Alcoholism, and how it tests the endurance of a couple, is not a subject matter that’s new to the movies. Smashed is the latest to join the list that includes Days of Wine and Roses, When a Man Loves a Woman and Leaving Las Vegas, and while it doesn’t stray too far from its brethren in terms of the inevitable drama and conflicts, it has a more personal feel about it, perhaps because the characters are so tangible. When the addict in this movie tries her best to get sober and the circumstances around her do their best to push her off the wagon, we find ourselves sympathizing and empathizing with her. It’s that sense of identification that gives the film value.
Movie Review: Smashed
By Matthew Huntley
October 23, 2012
Mary Elizabeth Winstead plays Kate, a first grade teacher with an obvious drinking problem, one that the movie makes no attempt to disguise. She wakes up daily with a hangover, sometimes after wetting the bed, and barely hesitates taking a shot of whiskey before going into her classroom. Winstead makes Kate’s behavior seem so natural that we’re convinced this has been her routine for years. Only now - after vomiting in class and lying to her students that she’s pregnant; smoking cocaine with a homeless woman; and waking up in an alley - does Kate begin to suspect she has a problem and needs a break from booze.

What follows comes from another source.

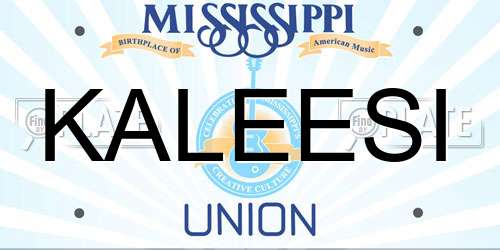 KALEESI Mississippi License Plate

She’s not the only one. Kate’s husband Charlie (Aaron Paul) is just as dependent, although it’s not as evident since alcohol doesn’t affect his day-to-day life as much. Charlie comes from a well-off family and doesn’t have a traditional job. He stays home all day, plays video games and occasionally reviews concerts of up-and-coming bands.
But the movie doesn’t necessarily point the finger at Charlie for why Kate drinks so much. In all fairness, the two complement each other. Kate’s problems began long ago and are the result of several factors, including her socioeconomic status growing up, her distant and difficult mother (Mary Kay Place), and the fact she’s always struggled to accept who she is. Deep down, Kate has a low self-esteem and has never considered herself a leader or winner in any capacity. She turned to alcohol to make her feel otherwise, but now it’s taking its toll.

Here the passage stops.